Quand même, je trouve ça incroyable la confiance et l’énergie que ça donne que d’avoir une vie sexuelle satisfaisante, surtout après l’avoir longtemps mise de côté. Malgré la grisaille à l’extérieur, je m’active joyeusement dans mon appartement. J’ai commencé quelques projets d’écriture et ai même décidé de m’essayer à poser pour un projet de photographie ! C’est comme si la reconquête de mon plaisir était devenue un moteur à ma créativité, dans les dernières semaines.

Dans mon salon, je sirote mon thé chaud et regarde mes cahiers étalés devant moi. Je rature, remanie et encercle quelques passages. J’essaie de monter un poème ou un texte intéressant pour accompagner la photo pour laquelle j’ai posé. Évidemment, les thèmes qui ressortent sont en lien avec la sexualité et le plaisir au féminin. Je suis incapable d’écrire sur un sujet qui ne m’habite pas, donc en ce moment c’est tout ce qui sort. Je lui envoie quelques-unes de mes idées par texto. J’obtiens une vague réponse de sa part. Ça m’irrite un peu, mais j’essaie de ne pas trop m’en faire.

Dans les dernières semaines, on s’est vus beaucoup et avec intensité. On a eu quelques discussions, mais on a surtout testé différentes surfaces de nos appartements : les murs, les comptoirs, la douche ou la table de cuisine.

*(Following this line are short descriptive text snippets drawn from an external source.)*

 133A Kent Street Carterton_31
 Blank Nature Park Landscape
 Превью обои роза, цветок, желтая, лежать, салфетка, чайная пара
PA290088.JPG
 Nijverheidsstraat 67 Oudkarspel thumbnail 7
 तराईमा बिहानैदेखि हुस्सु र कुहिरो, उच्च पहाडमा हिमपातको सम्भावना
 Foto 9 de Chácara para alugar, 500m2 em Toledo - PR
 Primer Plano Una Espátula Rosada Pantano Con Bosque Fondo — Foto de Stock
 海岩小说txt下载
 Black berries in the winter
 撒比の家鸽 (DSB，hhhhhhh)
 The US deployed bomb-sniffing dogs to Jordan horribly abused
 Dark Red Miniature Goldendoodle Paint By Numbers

J’ai aussi beaucoup lavé mes draps. Le magnétisme des corps est une chose que l’on ne contrôle pas vraiment, paraît-il.

I guess que c’est une bonne chose ?

Ça fait quelques jours qu’on ne s’est pas vus. J’me dis que c’est un délai acceptable pour le relancer et lui donner rendez-vous; que ça va peut-être susciter une réaction un peu plus enthousiaste de sa part. J’essaie de continuer à organiser mes écrits, mais n’arrive pas vraiment à me concentrer. J’regarde mon téléphone aux deux secondes, pour toujours faire le constat d’un écran qui reste noir.

Il est sûrement occupé, que j’me dis.

En attendant une réponse, mon esprit divague et se repasse en boucle la dernière conversation qu’on a eue. Il me semble qu’il a vaguement énoncé qu’il ne cherchait rien de sérieux et qu’on ne s’attachait pas, grosso modo. De mon côté, j’lui ai dit que ça ne me dérangeait pas. Sauf que ça m’a fait un petit pincement.

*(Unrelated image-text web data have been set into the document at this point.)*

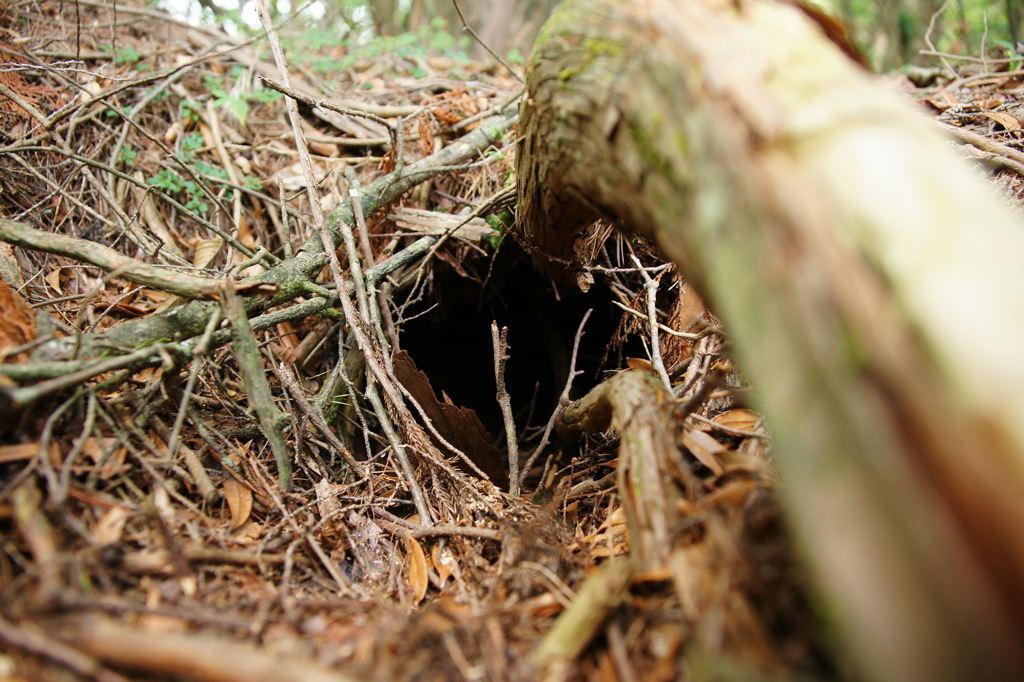 子供は見ちゃダメ！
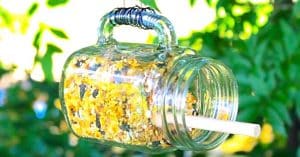 How To Make A Mason Jar Bird Feeder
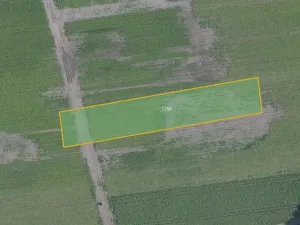 Prodej pole, Liblice, 4833 m2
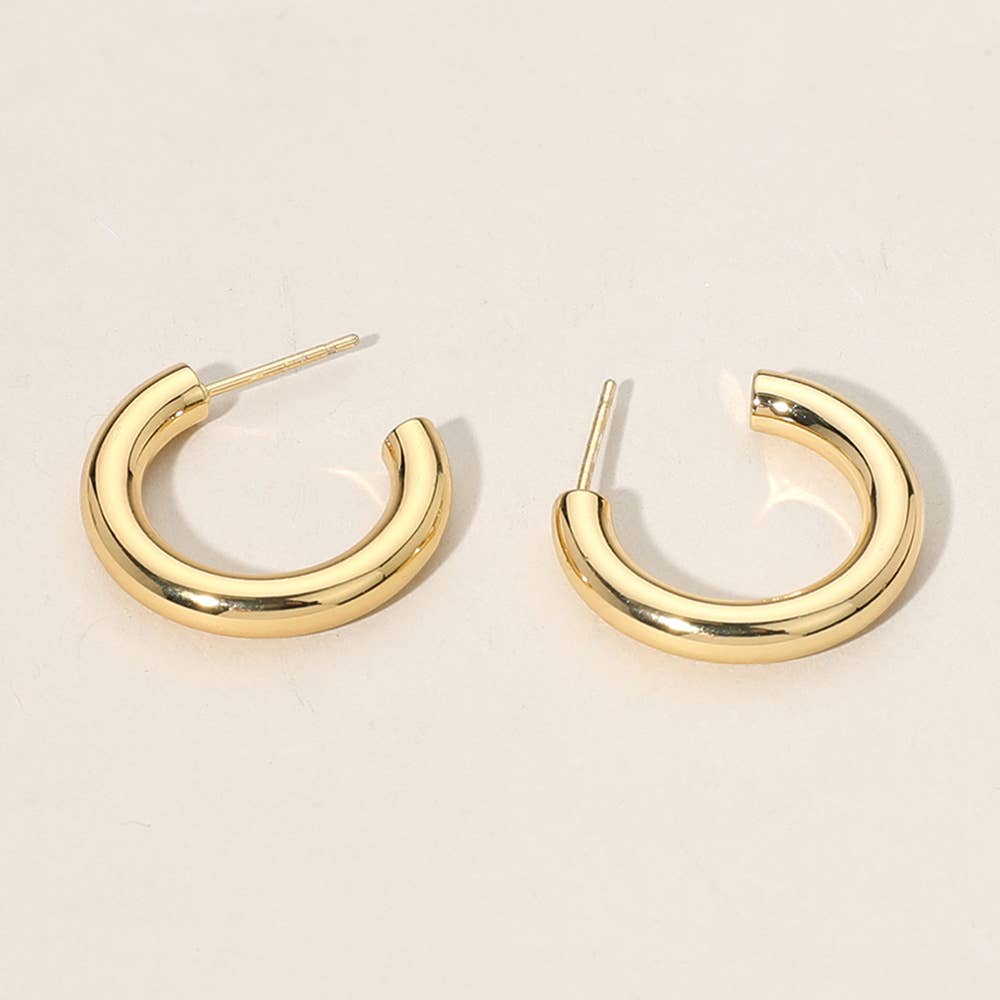 Stainless Steel Hoop Earrings: Silver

En rétrospective, j’pense que j’ai surtout dit que ça ne me dérangeait pas pour ne pas l’effrayer et qu’il mette un terme à la relation. J’lui accorde un peu le mérite de ma sexualité qui débloque enfin et j’ai peur d’avoir à recommencer mes recherches, sinon.

En ce moment, je m’en mords les doigts et essaie fort de me convaincre que son indifférence ne me fait rien. J’réussis pas. Quand l’écran de mon cellulaire s’illumine enfin, j’me pitche dessus.

J’m’en veux rapidement, parce que c’est pour y lire qu’il vient de rencontrer quelqu’un et qu’il sent qu’avec elle, ça peut devenir sérieux. Il offre qu’on se voie, pour en discuter.

J’aurais lancé mon téléphone. À la place, j’ai dit oui.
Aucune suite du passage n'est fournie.